I hate DRM, but right now I think I dislike Steve Jobs just a little bit more for being such a phoney. I can’t wait for Zune 2.0, I could see myself buying that.
-Josh
17 Feb 2007 6:49 am
…ya, i hate itunes and its incompatibility with everything but the friggen ipod. I never plan on getting one.
17 Feb 2007 5:13 pm
I should clarify a little. My iPod compleatly changed the way I listened to music and it made it much more simple. Hundreds of albums in the palm of my hand anywhere I go. I love it. And I also think that it is currently the more elegent music player on the market. But I think the next gen zune is poised to do it better. But I guess we’ll wait and see.
19 Feb 2007 6:50 pm
Regardless of Jobs’ sincerity, his anti-DRM rhetoric has sparked a massive response from the internet community on a whole. If we are all agreed that DRM is a near-perfect manifestation of corporate-music-greed, any disavowing of its necessity, real or imagined, is a good thing.

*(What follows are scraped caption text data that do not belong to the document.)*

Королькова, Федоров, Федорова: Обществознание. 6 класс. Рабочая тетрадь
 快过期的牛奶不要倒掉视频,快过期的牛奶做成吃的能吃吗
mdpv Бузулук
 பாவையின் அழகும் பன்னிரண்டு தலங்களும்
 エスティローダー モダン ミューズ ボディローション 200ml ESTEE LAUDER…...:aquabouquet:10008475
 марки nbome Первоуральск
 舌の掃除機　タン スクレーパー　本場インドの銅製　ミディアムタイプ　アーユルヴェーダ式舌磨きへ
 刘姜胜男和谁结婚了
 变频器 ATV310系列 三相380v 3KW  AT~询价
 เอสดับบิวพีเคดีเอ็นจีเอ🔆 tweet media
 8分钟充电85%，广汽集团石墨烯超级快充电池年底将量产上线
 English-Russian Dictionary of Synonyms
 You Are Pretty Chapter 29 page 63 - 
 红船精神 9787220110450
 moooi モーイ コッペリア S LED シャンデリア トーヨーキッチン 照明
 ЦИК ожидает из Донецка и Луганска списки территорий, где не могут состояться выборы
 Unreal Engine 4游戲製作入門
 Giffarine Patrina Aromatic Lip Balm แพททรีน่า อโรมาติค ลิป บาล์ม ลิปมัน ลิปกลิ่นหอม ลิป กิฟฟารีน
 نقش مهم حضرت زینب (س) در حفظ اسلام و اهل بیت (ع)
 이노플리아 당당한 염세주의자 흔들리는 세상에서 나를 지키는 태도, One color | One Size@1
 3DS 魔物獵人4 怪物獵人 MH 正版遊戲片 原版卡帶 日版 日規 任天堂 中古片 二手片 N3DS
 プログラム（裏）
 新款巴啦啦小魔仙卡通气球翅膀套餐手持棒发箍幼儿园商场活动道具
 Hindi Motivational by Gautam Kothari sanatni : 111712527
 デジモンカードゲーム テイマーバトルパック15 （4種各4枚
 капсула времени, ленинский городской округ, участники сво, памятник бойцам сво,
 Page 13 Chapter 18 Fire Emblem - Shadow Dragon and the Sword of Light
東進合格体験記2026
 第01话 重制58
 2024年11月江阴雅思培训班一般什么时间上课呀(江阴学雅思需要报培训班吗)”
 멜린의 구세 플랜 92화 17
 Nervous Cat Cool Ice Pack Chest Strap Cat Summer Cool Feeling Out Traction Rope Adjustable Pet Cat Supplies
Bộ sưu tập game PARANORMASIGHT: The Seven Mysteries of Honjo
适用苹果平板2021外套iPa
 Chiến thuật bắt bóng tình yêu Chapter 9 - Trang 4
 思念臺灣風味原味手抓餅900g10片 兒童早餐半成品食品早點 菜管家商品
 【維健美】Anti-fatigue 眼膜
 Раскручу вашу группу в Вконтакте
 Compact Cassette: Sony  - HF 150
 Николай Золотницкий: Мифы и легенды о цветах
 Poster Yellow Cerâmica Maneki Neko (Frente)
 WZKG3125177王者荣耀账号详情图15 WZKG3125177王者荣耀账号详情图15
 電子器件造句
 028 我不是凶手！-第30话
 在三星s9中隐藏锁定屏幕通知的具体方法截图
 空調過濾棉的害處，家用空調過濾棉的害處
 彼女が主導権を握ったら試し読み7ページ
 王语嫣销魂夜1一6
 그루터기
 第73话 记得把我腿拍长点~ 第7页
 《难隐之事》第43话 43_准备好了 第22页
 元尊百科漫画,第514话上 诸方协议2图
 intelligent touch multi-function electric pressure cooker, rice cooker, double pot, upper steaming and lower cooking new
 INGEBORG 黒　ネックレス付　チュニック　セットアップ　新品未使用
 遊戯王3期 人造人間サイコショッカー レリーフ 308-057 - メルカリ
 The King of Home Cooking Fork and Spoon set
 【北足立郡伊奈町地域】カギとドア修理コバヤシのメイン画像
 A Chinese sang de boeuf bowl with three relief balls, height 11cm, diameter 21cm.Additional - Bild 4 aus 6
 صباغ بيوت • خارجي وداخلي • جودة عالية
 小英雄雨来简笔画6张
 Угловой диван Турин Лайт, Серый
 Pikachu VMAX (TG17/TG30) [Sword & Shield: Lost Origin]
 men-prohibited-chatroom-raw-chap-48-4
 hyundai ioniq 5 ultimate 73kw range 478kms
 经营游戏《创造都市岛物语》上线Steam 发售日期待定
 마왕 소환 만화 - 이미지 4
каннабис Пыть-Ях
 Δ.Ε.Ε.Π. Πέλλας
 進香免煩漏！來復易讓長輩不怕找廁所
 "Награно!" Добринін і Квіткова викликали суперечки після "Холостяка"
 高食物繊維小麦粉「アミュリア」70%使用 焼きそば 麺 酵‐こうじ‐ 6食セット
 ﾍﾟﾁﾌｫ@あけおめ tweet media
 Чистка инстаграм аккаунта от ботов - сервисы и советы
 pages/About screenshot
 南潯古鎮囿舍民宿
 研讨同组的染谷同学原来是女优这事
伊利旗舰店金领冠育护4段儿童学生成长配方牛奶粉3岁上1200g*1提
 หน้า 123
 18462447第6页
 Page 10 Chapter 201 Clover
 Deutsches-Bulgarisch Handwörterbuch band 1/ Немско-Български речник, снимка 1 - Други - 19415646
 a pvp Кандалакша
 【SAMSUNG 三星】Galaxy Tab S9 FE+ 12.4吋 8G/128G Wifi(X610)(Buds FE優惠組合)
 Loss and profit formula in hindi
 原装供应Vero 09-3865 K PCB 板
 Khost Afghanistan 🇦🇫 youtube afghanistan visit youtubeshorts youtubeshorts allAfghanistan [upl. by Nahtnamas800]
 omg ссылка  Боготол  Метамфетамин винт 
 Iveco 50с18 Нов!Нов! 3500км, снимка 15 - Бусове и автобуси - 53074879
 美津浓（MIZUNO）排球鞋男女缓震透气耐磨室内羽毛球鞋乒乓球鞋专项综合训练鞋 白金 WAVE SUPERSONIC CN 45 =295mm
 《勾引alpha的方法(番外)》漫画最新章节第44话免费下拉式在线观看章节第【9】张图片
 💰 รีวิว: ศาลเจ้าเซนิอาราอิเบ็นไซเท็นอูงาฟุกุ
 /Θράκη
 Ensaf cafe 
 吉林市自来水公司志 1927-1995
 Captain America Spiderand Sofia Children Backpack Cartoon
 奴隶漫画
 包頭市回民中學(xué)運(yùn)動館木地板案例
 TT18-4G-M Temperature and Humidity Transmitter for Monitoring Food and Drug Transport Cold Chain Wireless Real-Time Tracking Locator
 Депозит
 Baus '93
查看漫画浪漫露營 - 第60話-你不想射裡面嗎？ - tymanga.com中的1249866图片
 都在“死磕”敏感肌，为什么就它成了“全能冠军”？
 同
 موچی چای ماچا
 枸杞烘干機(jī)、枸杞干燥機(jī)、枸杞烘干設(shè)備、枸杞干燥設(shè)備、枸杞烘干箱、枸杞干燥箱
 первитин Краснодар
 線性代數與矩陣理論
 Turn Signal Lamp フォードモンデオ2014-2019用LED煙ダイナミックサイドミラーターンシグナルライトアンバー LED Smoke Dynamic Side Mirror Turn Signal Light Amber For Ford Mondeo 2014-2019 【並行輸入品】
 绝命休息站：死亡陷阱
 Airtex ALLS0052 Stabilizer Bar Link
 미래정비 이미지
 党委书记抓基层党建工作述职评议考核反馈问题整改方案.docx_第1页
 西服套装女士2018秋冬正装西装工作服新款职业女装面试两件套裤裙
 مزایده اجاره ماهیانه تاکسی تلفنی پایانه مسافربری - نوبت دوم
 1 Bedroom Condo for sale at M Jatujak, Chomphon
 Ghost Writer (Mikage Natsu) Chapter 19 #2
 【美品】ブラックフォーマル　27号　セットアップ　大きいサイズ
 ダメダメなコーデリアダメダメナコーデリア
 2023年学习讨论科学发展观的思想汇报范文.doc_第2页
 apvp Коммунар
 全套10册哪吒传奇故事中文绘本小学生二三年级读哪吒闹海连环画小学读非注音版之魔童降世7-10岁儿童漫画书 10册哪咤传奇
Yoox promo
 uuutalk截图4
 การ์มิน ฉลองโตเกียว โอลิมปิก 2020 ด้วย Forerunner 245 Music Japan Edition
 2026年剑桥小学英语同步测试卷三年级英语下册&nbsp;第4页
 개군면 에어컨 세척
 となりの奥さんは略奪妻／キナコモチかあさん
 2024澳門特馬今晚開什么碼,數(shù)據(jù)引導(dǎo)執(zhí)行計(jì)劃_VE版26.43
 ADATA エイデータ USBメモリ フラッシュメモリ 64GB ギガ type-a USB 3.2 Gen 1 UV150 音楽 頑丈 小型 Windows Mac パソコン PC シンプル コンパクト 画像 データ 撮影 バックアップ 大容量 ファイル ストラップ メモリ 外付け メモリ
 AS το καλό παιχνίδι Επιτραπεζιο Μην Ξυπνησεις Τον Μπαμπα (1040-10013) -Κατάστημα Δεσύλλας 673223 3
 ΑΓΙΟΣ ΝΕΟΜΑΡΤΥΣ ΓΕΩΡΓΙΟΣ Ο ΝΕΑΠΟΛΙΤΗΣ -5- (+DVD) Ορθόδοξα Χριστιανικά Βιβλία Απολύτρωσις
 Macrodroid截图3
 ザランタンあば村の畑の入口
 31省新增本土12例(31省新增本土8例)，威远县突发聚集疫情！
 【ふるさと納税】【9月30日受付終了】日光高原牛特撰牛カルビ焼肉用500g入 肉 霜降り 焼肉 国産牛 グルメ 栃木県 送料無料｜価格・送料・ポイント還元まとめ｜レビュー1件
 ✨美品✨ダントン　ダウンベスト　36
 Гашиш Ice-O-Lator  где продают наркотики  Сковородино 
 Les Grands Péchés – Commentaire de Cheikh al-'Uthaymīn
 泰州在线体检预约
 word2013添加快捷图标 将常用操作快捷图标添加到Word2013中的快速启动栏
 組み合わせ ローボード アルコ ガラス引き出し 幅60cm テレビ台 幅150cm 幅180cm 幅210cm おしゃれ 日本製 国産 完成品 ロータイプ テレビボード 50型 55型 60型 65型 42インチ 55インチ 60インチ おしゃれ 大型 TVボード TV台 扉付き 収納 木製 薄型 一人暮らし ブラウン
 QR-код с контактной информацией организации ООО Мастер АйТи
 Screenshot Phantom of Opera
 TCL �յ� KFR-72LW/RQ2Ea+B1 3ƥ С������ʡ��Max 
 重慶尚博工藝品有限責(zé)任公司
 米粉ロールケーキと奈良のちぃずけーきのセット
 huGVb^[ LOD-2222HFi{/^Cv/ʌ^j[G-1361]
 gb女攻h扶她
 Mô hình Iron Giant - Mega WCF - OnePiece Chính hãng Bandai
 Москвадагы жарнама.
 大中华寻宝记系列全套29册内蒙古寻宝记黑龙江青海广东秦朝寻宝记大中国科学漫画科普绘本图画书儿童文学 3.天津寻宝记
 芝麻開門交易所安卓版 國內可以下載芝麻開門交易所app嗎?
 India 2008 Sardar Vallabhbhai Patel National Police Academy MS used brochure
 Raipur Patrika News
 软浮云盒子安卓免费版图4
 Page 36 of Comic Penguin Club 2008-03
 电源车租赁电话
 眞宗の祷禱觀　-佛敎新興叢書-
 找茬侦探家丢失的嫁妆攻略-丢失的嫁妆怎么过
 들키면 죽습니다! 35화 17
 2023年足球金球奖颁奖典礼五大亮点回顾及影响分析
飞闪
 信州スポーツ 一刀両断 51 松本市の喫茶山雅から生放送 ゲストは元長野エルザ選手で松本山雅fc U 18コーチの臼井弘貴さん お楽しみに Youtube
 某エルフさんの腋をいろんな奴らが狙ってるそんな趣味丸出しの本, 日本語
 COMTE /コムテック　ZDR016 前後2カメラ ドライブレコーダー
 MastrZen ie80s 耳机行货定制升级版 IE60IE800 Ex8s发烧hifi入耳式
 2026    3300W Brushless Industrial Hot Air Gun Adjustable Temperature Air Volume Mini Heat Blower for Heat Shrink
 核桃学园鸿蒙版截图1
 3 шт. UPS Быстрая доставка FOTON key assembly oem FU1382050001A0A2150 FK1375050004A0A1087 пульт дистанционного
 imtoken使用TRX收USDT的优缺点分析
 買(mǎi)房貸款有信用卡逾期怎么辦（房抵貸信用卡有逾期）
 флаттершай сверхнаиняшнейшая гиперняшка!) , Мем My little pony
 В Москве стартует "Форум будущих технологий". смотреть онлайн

That’s how I feel. I have an innate distrust of Apple due to their amazing ability to get people to pay triple price for their merchandise, but Jobs’ recent statements made me respect them slightly more. At the very least it places them ahead of Microsoft.
19 Feb 2007 6:53 pm
Thanks for the comment Adam! I have nothing to back this up, but I think that Microsoft will follow up the Zune with a music player that isn’t quite so crippled by it’s DRM. I’m not ready to rule Microsoft out yet.
21 Feb 2007 12:25 pm
I don’t think Steve Jobs cares what you wintel snobs think. Steve is making a corporate decision based on what is good for APPLE. The quality of the product speaks for itself. The production of proprietary stuff is a reality of the corporate world. I don’t see anyone gripping about SONY. They have been doing the same thing for years. I can’t think of any small electronic manufacturer that hasn’t tried to put some kind of proprietary component or connection on equipment, or some kind of coding on communication periferals.
I have to say that I agree with Schalicto, don’t purchase songs over the internet, buy the CD, then there is no question about your ownership and if you choose to change your equipment you can always change your interface software.
21 Feb 2007 1:48 pm
“I don’t think Steve Jobs cares what you wintel snobs think. Steve is making a corporate decision based on what is good for APPLE.”
Woah! The Apple snob comes out swinging!
I think Steve Jobs does care what I think because I own an iPod but I’m talking about buying a Zune instead of another iPod. That is exactly what Steve Jobs should care about.